Otherwise, make sure that whatever notebook you are trying to run is in the same directory as where you have cloned the IRIS-signaling-inference repo. At the top of the notebook, include these lines:
import sys
import os
# get the absolute path to the base directory
path = os.path.abspath(os.path.join(os.getcwd(), ".."))
sys.path.append(path)
and import IRIS via:
from IRIS_signaling_inference.iris.src.iris import IRIS
Then, you can create IRIS objects and use their functions!

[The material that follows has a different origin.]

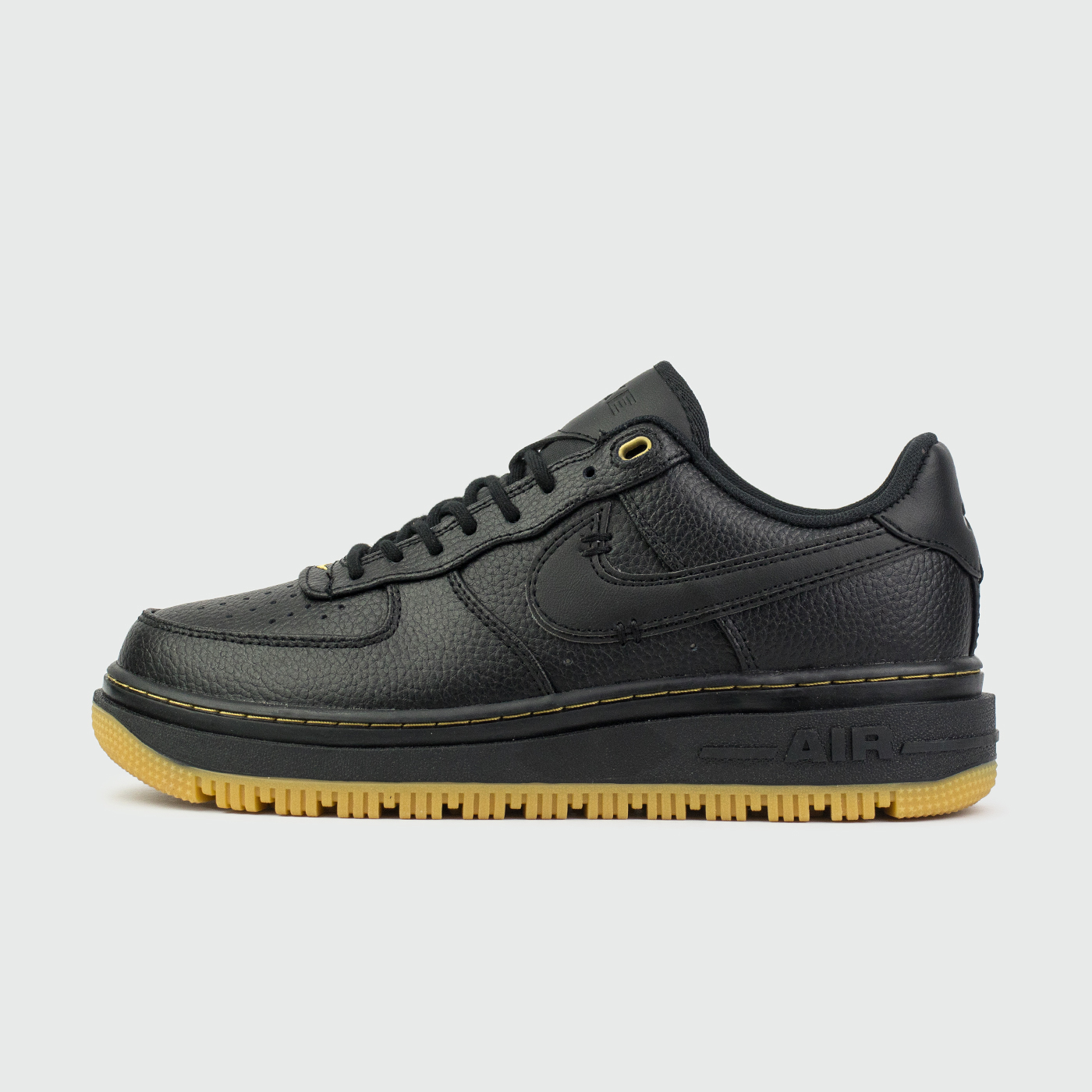 Кроссовки Nike Air Force 1 Low Luxe Wmns Black / Gum Кроссовки Nike Air Force 1 Low Luxe Wmns Black / Gum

iris_obj = IRIS('test', anndata = data) # set anndata = your own data
iris_obj.response_gene() # for example
IRIS objects expect the obs of their corresponding Anndata objects to have a ground truth column for each pathway to be predicted, as well as columns 'celltype' and 'batch'. You can run iris_obj.validate_adata(classes) to check whether the Anndata has what IRIS expects, passing in a list of your ground truth column names (ex. ['RA_class',...]) for classes.
IRIS can both load in pretrained models and train models from scratch. Any time you want to load in a model for analysis, run iris_obj.load_pretrained_model(paths, signals) with the paths to the models you want to use for those particular signals. Otherwise, if you never run load_pretrained_model or set iris_obj.models to be empty, IRIS will create and train new models from scratch.
The example notebook fig3+4.ipynb uses IRIS to generate some of the plots used in Figures 3 and 4 in the paper, like panel C in the summary figure above. With a GPU, the notebook took about 10 minutes in total to run. Without a GPU, it may take around an hour on a standard computer.
The IRIS class contains the necessary functions to re-create every figure in the paper, arranged roughly chronologically.
An h5ad data file can be made from this dataset: GSE122009, and used in IRIS. A new single-cell dataset from this paper will also eventually be publicly available as a NIH GEO dataset.